# TASK DATA

----------

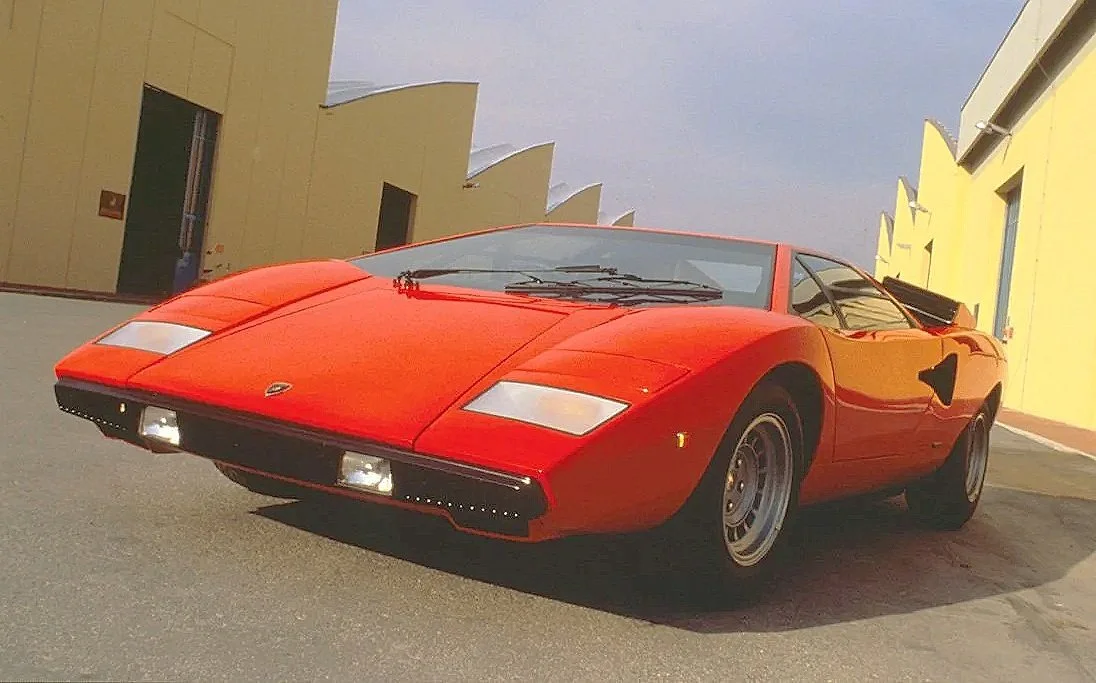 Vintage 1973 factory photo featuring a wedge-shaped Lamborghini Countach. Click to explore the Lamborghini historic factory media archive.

----------

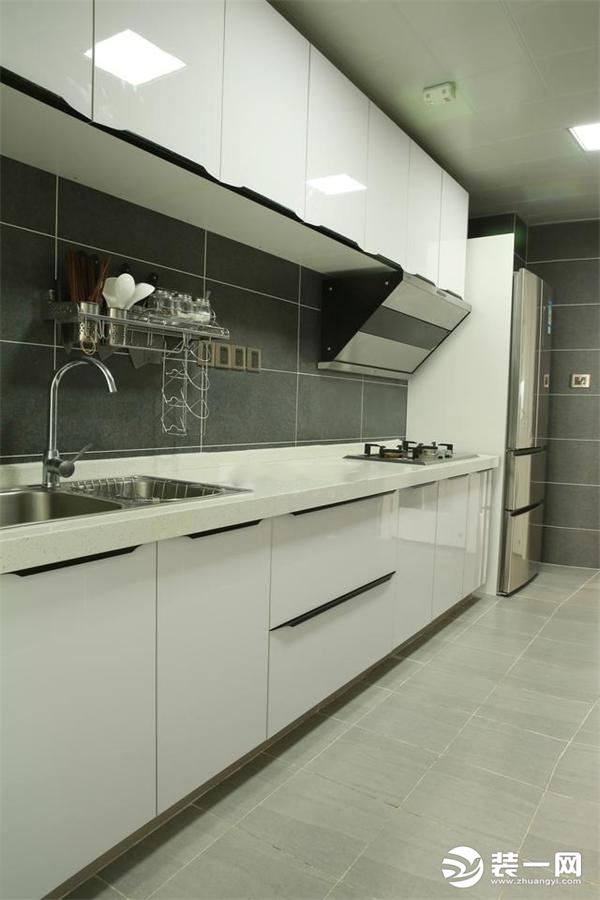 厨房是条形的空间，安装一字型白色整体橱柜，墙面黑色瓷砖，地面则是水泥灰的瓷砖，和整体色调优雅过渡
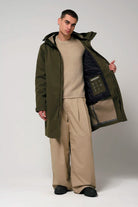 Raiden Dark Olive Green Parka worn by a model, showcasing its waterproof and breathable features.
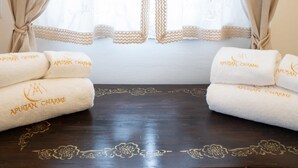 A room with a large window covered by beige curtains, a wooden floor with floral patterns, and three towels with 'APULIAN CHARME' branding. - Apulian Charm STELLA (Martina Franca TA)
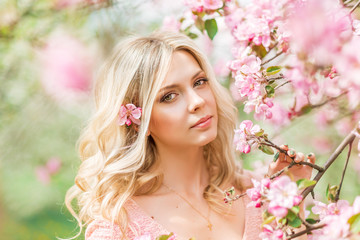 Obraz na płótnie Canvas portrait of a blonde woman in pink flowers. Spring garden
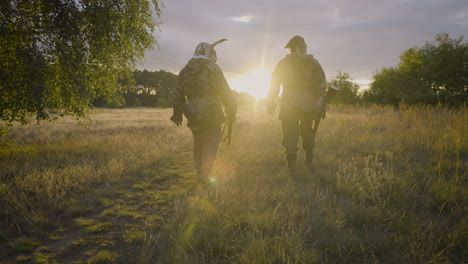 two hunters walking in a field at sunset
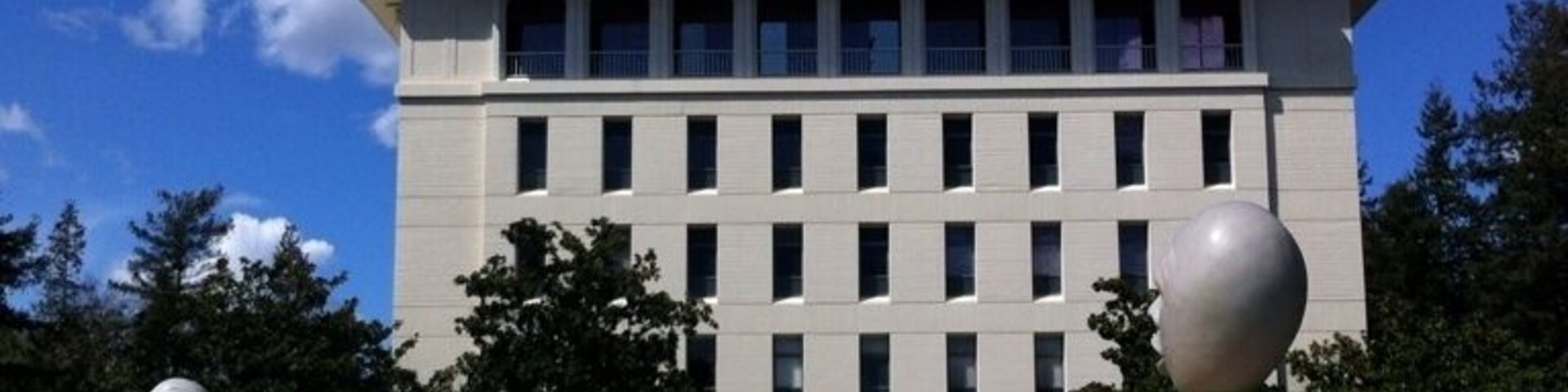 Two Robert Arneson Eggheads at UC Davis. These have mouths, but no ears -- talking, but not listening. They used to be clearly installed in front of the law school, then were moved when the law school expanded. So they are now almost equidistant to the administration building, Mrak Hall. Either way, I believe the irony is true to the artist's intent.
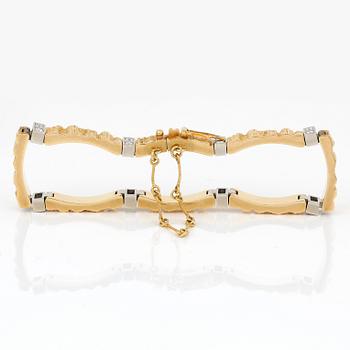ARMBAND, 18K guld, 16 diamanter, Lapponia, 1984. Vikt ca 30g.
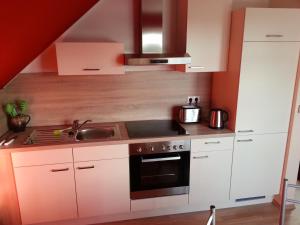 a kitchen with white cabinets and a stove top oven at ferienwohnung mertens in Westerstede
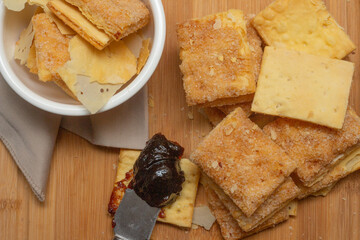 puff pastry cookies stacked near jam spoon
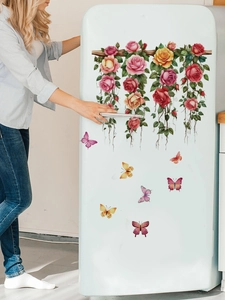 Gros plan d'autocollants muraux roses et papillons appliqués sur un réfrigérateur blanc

----------

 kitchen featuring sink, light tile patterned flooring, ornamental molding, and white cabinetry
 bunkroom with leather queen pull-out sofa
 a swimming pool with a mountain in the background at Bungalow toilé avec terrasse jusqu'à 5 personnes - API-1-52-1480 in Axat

----------

# EXERCISE BRIEF
Among the records above, locate the line containing "a kitchen with" and the line containing "Gros plan d'autocollants", then transcribe exactly the lines starting at the first and ending at the second, with no pictures.

# RESPONSE AREA
 a kitchen with white cabinets and a stove top oven at ferienwohnung mertens in Westerstede
 puff pastry cookies stacked near jam spoon
 Gros plan d'autocollants muraux roses et papillons appliqués sur un réfrigérateur blanc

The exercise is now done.